Between the back-to-back Swedish and Spanish presidencies of the EU in 2023, the election of Lula da Silva, and the Russian invasion of Ukraine, the conditions for a finalized FTA between the two blocs are as optimal as they have ever been. Yet, multiple barriers to a finalized agreement remain, chief among them French opposition. The premise of a split deal may be tantalizing to beleaguered officials desperate to finalize an agreement more than two decades in the making. Yet, this move would result in a deal that fails to meet some of the two blocs’ most important objectives and would be especially disappointing for Mercosur.
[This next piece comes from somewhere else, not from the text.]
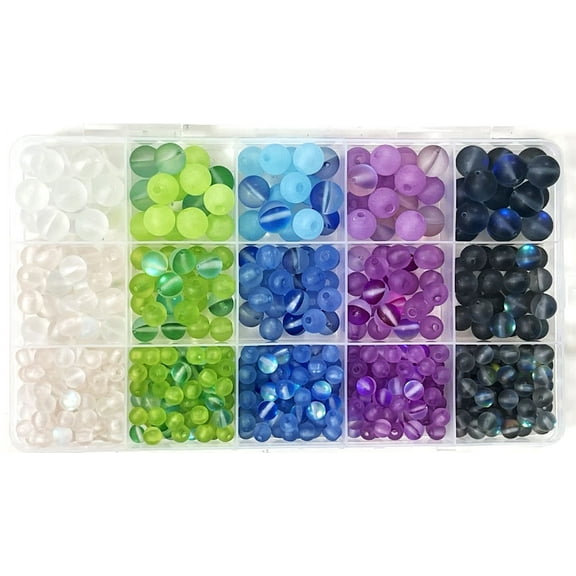 Cousin DIY Frosted Glass and Acrylic Moon Bead Box, Jewelry Making, 400 Piece, Adult, Model 69995749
The clock is ticking for representatives to compromise on an agreement that is acceptable to all actors involved, as it seems unlikely that policymakers will be willing to continue dedicating time and effort to a dialogue that has continually failed to bear fruit, even under the most favorable of circumstances. Plus, with Uruguay shifting its attention to the Pacific, failure to deliver once again could even spell the beginning of the end for Mercosur. However, if the EU and Mercosur manage to reach a settlement on a mixed deal, it could mark the beginning of a much deeper trans-Atlantic partnership and a new era in Mercosur’s engagement with the rest of the world.